Last Sunday, John and his faithful dog, Bruski, arrived in Lakes Entrance to crowds of interested people capturing selfies, asking many questions, showing their interest in his trek and donating to Beard Season.

John has signed up to the non profit charity, Beard Season, to champion the early detection of melanoma.

From June 1 to August 31 he will let his beard grow and hopefully inspire friends and those along his journey to get a skin check from a GP or dermatologist.

John is collecting donations along the way to raise much needed funds towards free educational skin check sessions and bringing skin specialists to where they are needed most.

Along the way John has realised that this trek is not so much about the destination but connecting with himself and people along the way.

He travels at an average four kilometres an hour and tries to stay mainly on rail trails or rail tracks.

“The camels aren’t afraid of trains, cars or trucks, but bicycles give them a fright. It’s because they can’t hear them approaching,” John said.

“I average about 25 kilometres a day and am looking forward to a couple of weeks break staying with Russell and Tara at their farm.”

He is looking forward to not having to load the camels each morning and unload them each night for a while.

He hopes to have a meet and greet out at the farm so everyone can visit the camels and find out about not just his journey, but Russell and Tara’s venture,

Russell and Tara are hoping to have their camels back on Lakes Entrance Main Beach for the long weekend, after a tough time with bushfires and now COVID-19 restrictions.

John enjoys the people side of the trek and tries to visit schools, aged care homes and disability services.

This was proven by his slow trip through Lakes Entrance where he stayed the night near the Kalimna Aged Care facility and then stopped many times along the Esplanade to let people pat the camels and answer every question asked.

So what next for the camel man?
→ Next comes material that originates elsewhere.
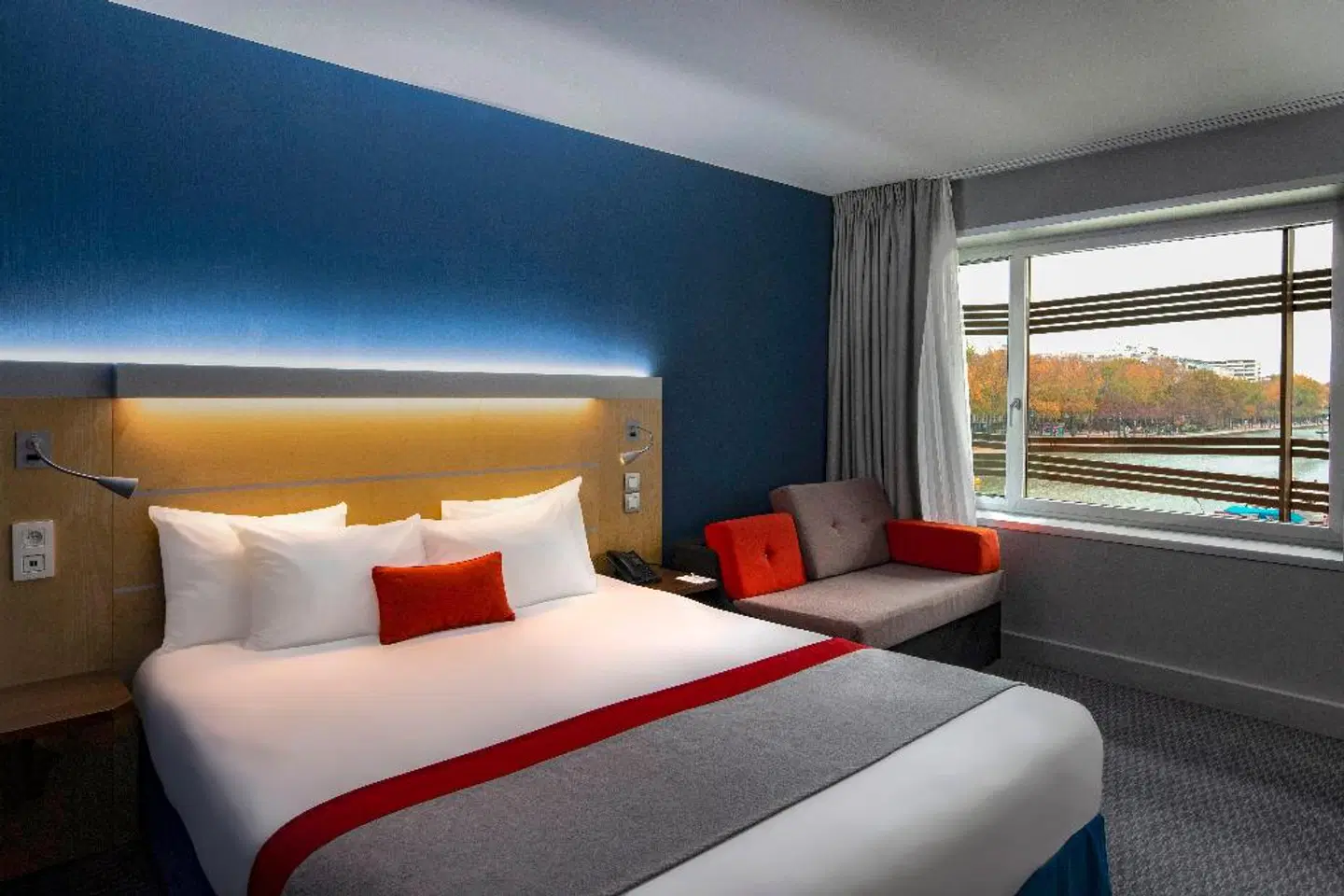 Holiday Inn Express Paris-Canal De La Villette ROOM_EXAMPLE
He is heading to Tasmania.

He will head down to Melbourne through South Gippsland and hopefully by then Tasmanian borders will be open and ready for a man and his five camels, Ted, Jackson, Arthur, Bill and Charlie, and faithfull dog, Bruski.

IMAGE: John Elliott, his five camels and his dog, Bruski, trekked in Lakes Entrance on Sunday as part of his epic journey across the country, which has faced numerous challenge with bushfires and coronavirus restrictions.